Students such as Lapido Solanke, Kusimo Soluanda, Olatunde Vinncent, Ekuudayo
Williams, M.A. Sorinola Siffre, B.J. Farreira from Nigeria; J.B. Danquah from
Ghana, Otto Oyekan-During from Sierra Leone, W. Davidson Carrol, Kushida
Roberts from the Gambia wanted from the 1920s to create the United States of
Africa as a prelude to United Africa for all the people. 


It is the Renaissance
and there is no Renaissance without unity. Alioune Diope (1910-1980), of
Senegal, has the exceptional merit of being the first in the Francophone world to
offer the African intelligentsia in both Africa and in the Diaspora a platform
for literary, prose, poetic, critical, scientific, philosophic and religious
production. Followed by Frantz Fanon 1925 – December 6, 1961 was a
Martinique-born French-Algerian psychiatrist, philosopher, revolutionary and
writer whose work is influential in the fields of post-colonial studies,
critical theory and Marxism. 


Fanon is known as a radical existential humanist
thinker on the issue of decolonization and the psychopathology of colonization.
Fanon wrote his first book, Black Skin, White Masks, an analysis of the
psychological effects of colonial subjugation on people identified as black.
Fanon is best known for the classic book on decolonization ‘The Wretched of the
Earth’.

Pan Africanist Kwame Nkrumah brought to
the Gambia, the King of Hi-Life Music E.T. Mensah to perform at the K.G 5
Parkand at the Atlantic Hotel in
Banjul singing “Ghana-Guinea-Mali Africa is now a Republic”. Ya Arret was in
charge of the visiting Ghana music band and managed the band well and after
that visit to the Gambia E.T Mensah penned and nipped a Number one Highlife hit
song called “All for you” which made him an international superstar. Late E.T
Mensah is an African music legend from Ghana and played through out West Africa
to popularize Pan Africanism. 


The Gambian Muslim Congress together
with Kwame Nkumarah’s CPP Party collaborated with Abdel Gamal Nasser President
of Egypt. Garba was instrumental for the niece of Nasser, Madam Fathia to marry
to Kwame Nkumarah and they had a son called Gamal Nkurumah. Together they
worked with, Sekou Toure of Guinea and Modibo Keita of Mali for the Union of
Ghana, Guinea and Mali leading to the total unification of the African
continent. I M Garba introduced the Muslim Clergy Bai Nyass and a Senegalese
Mathematician Sulayman Nyang together with I.M. Garba Jahumpa to write
CONSCIENCISM, a book that dealt with the subject of Pan African or Communism
for Africa.

Ya Arret was involved in interminable
political machinations seeking always to increase the power of her favored
politician I.M. Garba Jahumpa. Garba Jahumpa and the Gambia Muslim Congress
invited the Socialist first Prime Minister of Senegal and his entourage to
visit I.M Garba Jahumpa in the Gambia, Prime Minister Momodou Jah, together
with Waljojo Ndiaye. On their return to Senegal Momodou Jah was overthrown by
imperialist forces and Leopald Sedar Senghore was sworn-in as the President of
Senegal.

Ya Arret
had a role in the cold war between the East and West and that was because he
supported President Nkrumah's action in supporting Abdel Gamal Nasser the Prime
Minister of Egypt who blocked the Suez Canal and declared war on Israel, UK and
the West. I M Garba Jahumpa was considered a
socialist and sidelined by Britain not to rule the Gambia forever. The Gambia
Muslim party was broken into pieces and that's how former President Jawara was
picked to rule the Gambia instead of Pierre Njie an out spoken lawyer and first
Chief Minister of the Gambia who was anti establishment and anti British.
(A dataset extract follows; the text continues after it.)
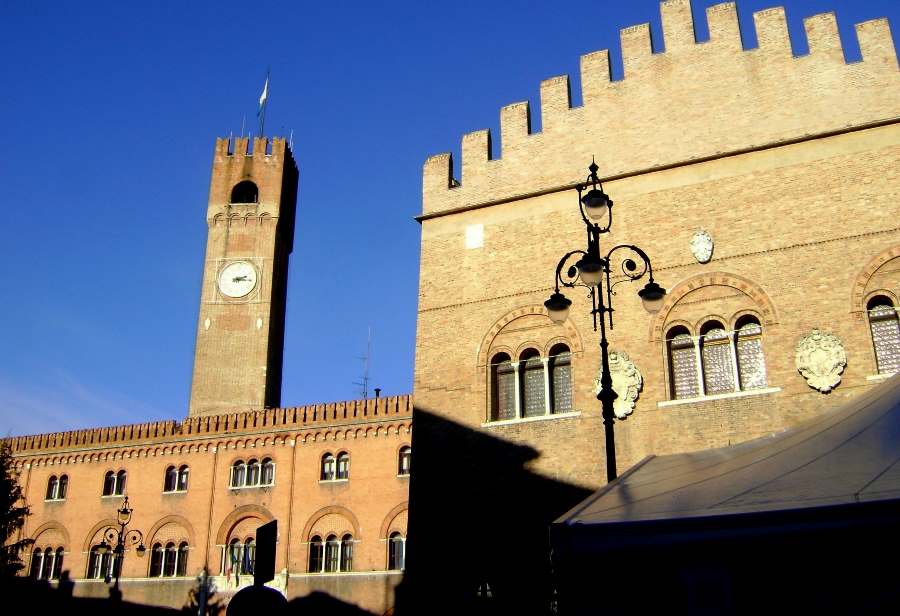 Miniatura per l'articolo intitolato:Il centro di Treviso si rianima, musei aperti e mercatini dell’antiquariato le carte vincenti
Ya Arret was at the forefront of Gambian
politics, Women and children’s rights, workers rights and the citizen rights. As Gambians put to the task of the
Gambia Renaissance, we must be assured, confident and have faith in our
capacity to think and act. If we continue to alienate ourselves emotionally and
intellectually, success will always remain remote from us. 


Gambian politicians in particular will
be more respected if they work for the interest of the Gambian people. The Gambian Renaissance is the awakening
of the giant sleeping in the conscience of every Gambian, for the work to
accomplish, the mission to carry out and the destiny to reach.